> _Data_:
..............................

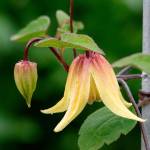 This vine features bright lemon-yellow nodding blooms that hang from dark purple stems. (Richie Steffen)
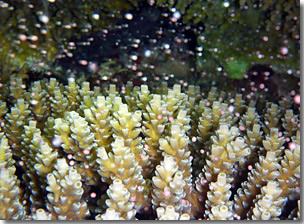 珊瑚の産卵2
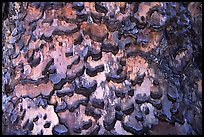 Detail of bark of pine. Yosemite National Park, California, USA. (color)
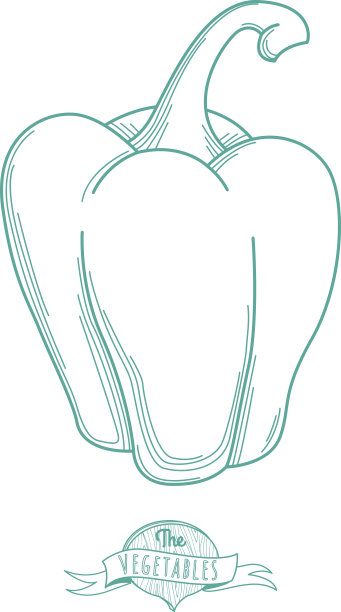 papica手绘草图(平描细线)图片下载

..............................

> _Exercise description_: Retype the whole listing exactly and leave the pictures out.

> _Exercise output_:
 This vine features bright lemon-yellow nodding blooms that hang from dark purple stems. (Richie Steffen)
 珊瑚の産卵2
 Detail of bark of pine. Yosemite National Park, California, USA. (color)
 papica手绘草图(平描细线)图片下载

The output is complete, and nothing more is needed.